Answer with the exact lines of the following material from the one containing "Puede incluir: Camiseta" through the one containing "printed-stack-of-papers-on-factory-machine", both end lines included.

===== DATA TO USE

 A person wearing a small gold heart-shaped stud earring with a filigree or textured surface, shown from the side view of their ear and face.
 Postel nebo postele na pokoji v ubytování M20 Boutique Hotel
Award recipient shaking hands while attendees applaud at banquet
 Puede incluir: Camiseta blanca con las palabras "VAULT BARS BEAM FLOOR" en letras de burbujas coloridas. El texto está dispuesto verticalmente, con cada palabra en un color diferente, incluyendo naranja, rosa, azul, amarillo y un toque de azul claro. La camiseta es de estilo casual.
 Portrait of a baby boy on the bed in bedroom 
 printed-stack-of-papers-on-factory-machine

==========
===== DATA TO USE

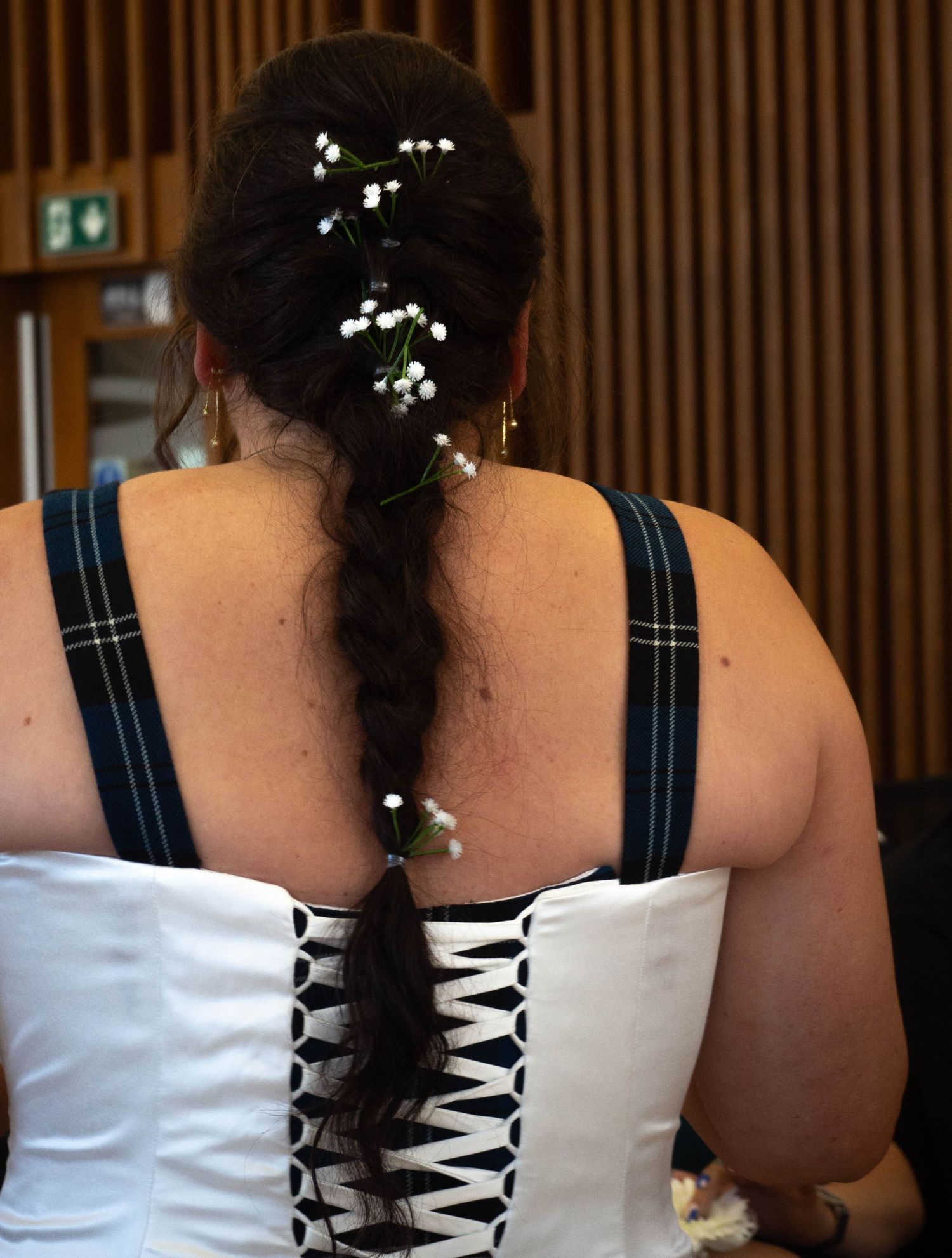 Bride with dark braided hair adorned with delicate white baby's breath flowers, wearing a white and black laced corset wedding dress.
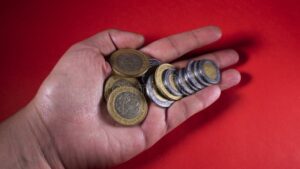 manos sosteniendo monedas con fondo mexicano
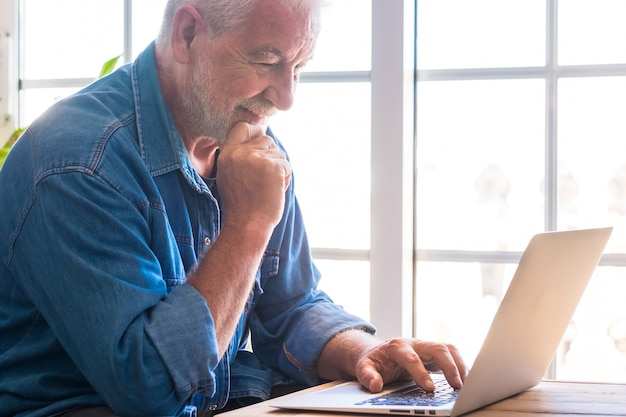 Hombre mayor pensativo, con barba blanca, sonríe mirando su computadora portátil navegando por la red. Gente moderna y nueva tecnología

==========

→ ANSWER AREA:
 Puede incluir: Camiseta blanca con las palabras "VAULT BARS BEAM FLOOR" en letras de burbujas coloridas. El texto está dispuesto verticalmente, con cada palabra en un color diferente, incluyendo naranja, rosa, azul, amarillo y un toque de azul claro. La camiseta es de estilo casual.
 Portrait of a baby boy on the bed in bedroom 
 printed-stack-of-papers-on-factory-machine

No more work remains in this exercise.